Page 13: Terry Morris’ Photo Album

Barbara Biely and Terence Morris. LSE June 1960.

Around this time the School rented accommodation in the Strand opposite St Clement Danes. This was one of two rooms on the top floor of a building that was home to a tailor, a tobacconist and a men’s barber. Heated by gas fires it was primitive, but comfy. It was literally a minute or two away from Louis’ chambers, which was very convenient. And NO, that’s not my handbag . .

Page 14: Terry Morris’ Photo Album

The Weather Deck of HMP Weare.

Weare was the accommodation barge from the Gulf of Mexico that first served as a prison hulk in New York subsequently bought by HM government to be moored alongside in Portland Harbour. Frances Crook, Secretary of the Howard League, together with the Chairman, Andrew Rutherford and I, visited the day before the first prisoners arrived. This deck was the exercise area and given the eastern side of Portland is fully exposed from NE to SE it would have been difficult even to stand up on it in any thing fiercer than Beaufort Force 6.

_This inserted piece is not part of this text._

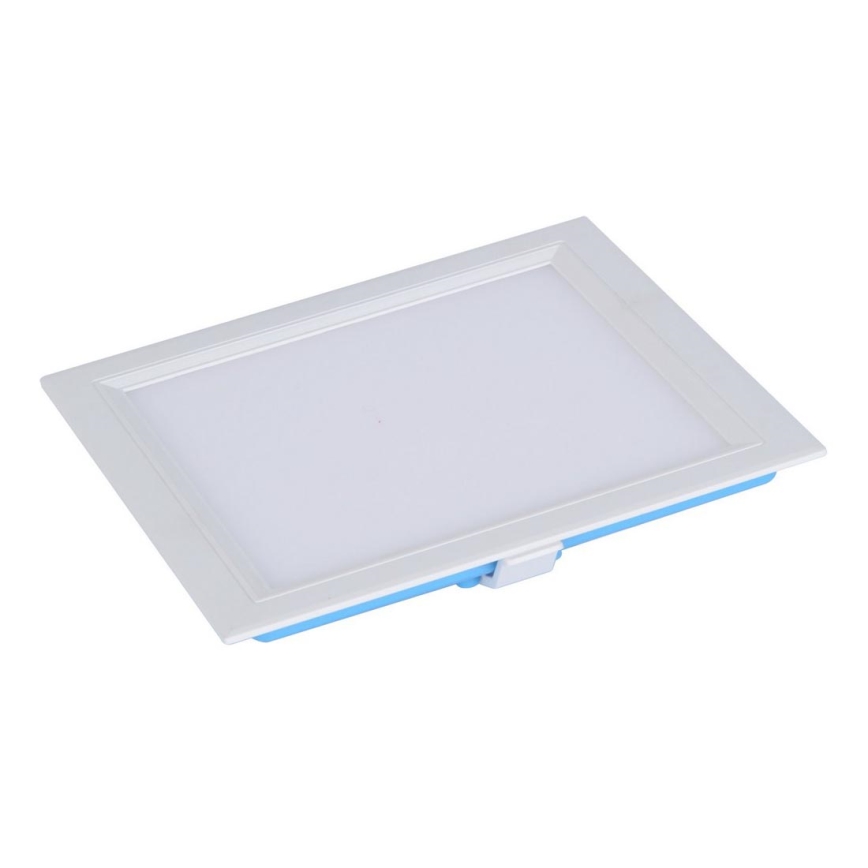 LED Vgradna svetilka 1xLED/6W/230V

Page 15: Terry Morris’ Photo Album

The Croydon Photographs

These are six pictures selected from a number taken by me of the areas where juvenile offenders were to be found. Here we are looking for the most part at a forgotten Croydon ignored by the more affluent parts of this then County Borough. Taken on my ancient Kodak bellows camera in 120 format they are printed on glass slides

Page 16: Terry Morris’ Photo Album

The Croydon photographs.

Page 17: Terry Morris’ Photo Album

The Croydon photographs.

Page 18: Terry Morris’ Photo Album

The Croydon photographs.

Page 19: Terry Morris’ Photo Album

The Croydon photographs.

Page 20: Terry Morris’ Photo Album

The Croydon photographs.

Page 21: Terry Morris’ Photo Album

The Croydon photographs.

Page 22: Terry Morris’ Photo Album

AND A FINAL SHOT FROM 1954

This is the 1954 Mark 1 Ford Consul, OXP 679, in which I was privileged to convey Margaret Mead from rural Sussex to London. Being a Ford, it of course broke down and the relaxed comment from the Grande Dame of Pacific anthropology was:“ In this country the gremlins work with IBM cards”. A stone had struck the radiator drain tap, thereby emptying the cooling system, and the engine boiled. A nearby cottage kindly supplied hot water to get us on the road again. Though a bigger car, the mechanical pedigree of the Mark 1 Consul had features in common with the Ford Prefect 100E (with the not dissimilar registration, OXF 12) pictured on the cover of Fine Lines and Distinctions.In retrospect, having driven both models I wonder if they were just early Skodas in disguise?